In the data below, find the line with "Viscose midi dress" and the line with "Vintage Large Italian", then restate both and every line between them exactly, minus the pictures.
:: Extracted entries ::
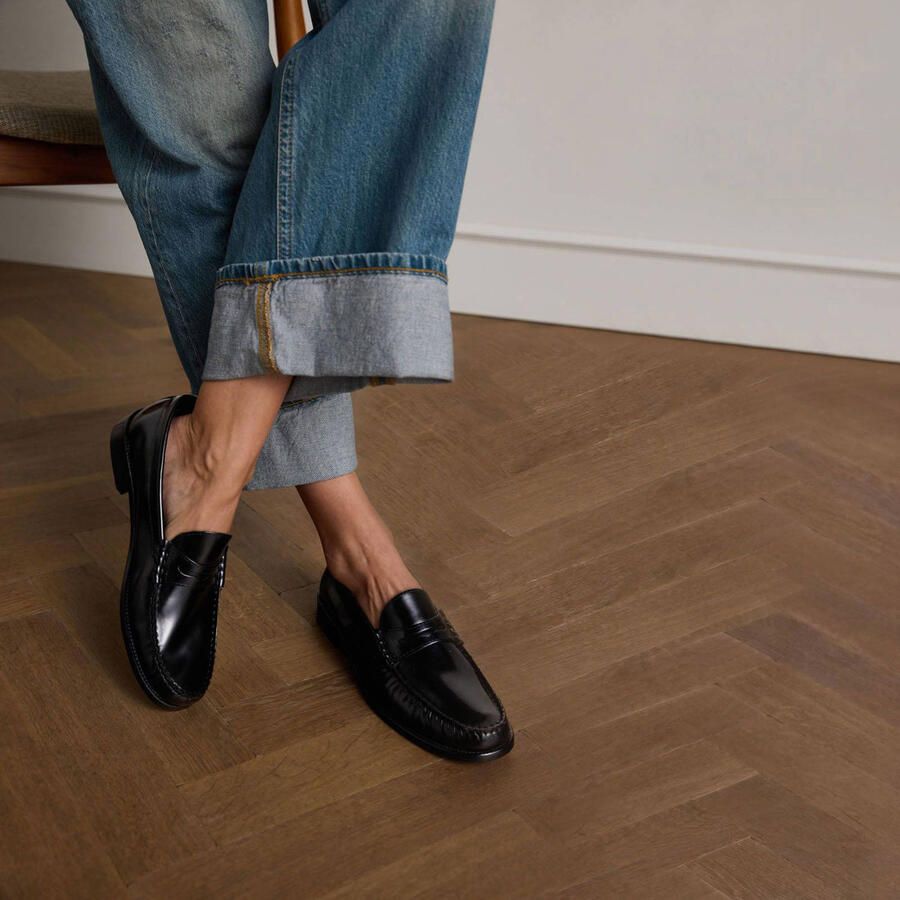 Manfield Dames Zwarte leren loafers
:::
:: Extracted entries ::
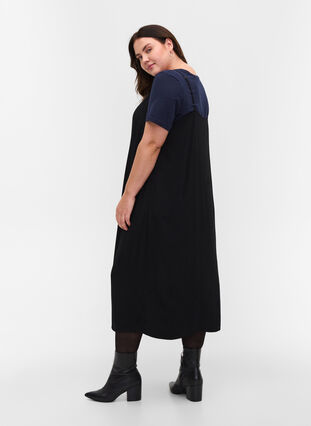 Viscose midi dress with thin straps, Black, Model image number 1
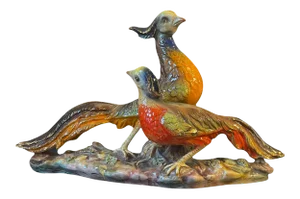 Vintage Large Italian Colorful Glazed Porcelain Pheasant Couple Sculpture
:::
:: Extracted entries ::
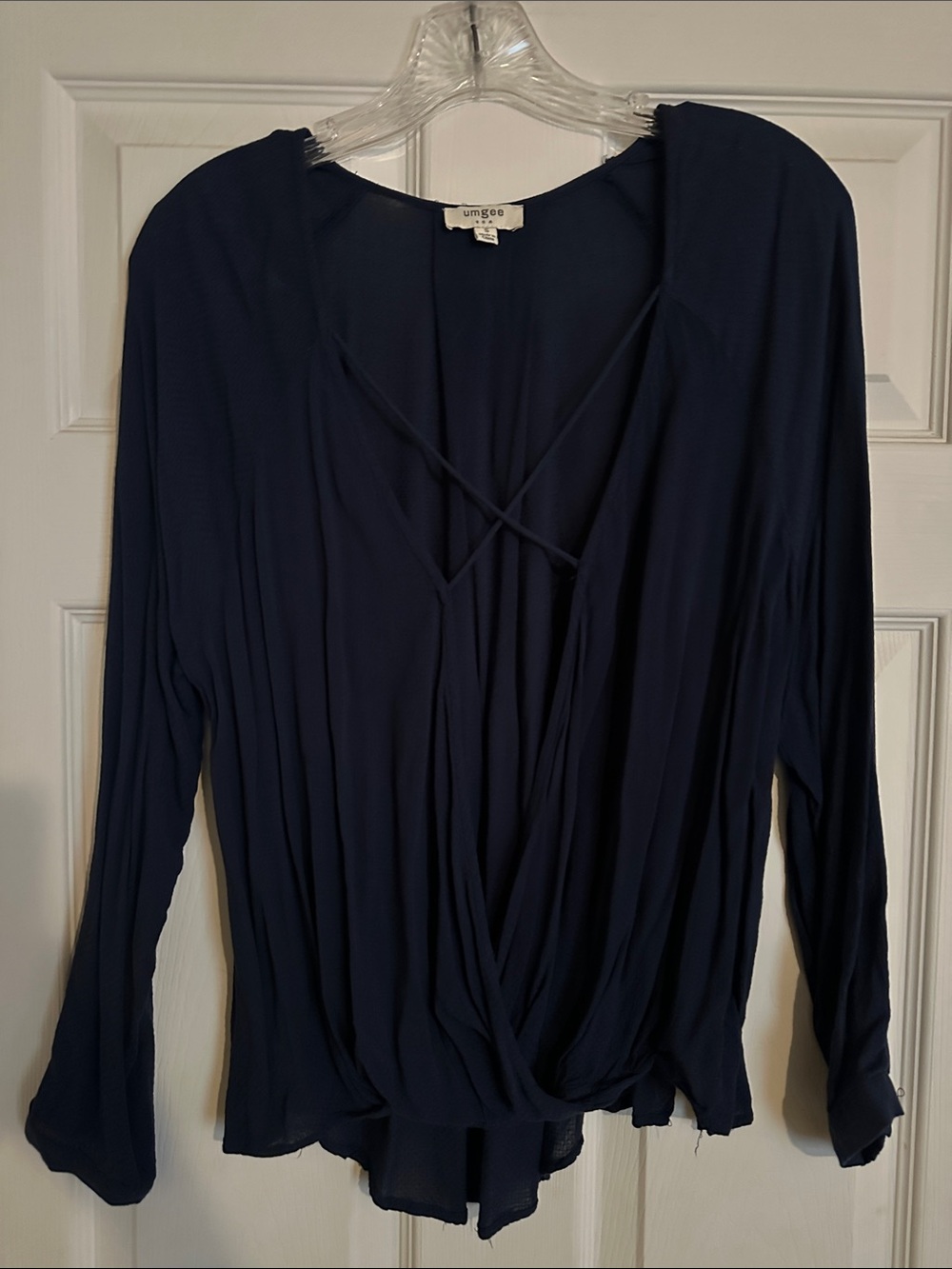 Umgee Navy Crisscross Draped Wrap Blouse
:::
§ **Answer for the task**:
 Viscose midi dress with thin straps, Black, Model image number 1
 Vintage Large Italian Colorful Glazed Porcelain Pheasant Couple Sculpture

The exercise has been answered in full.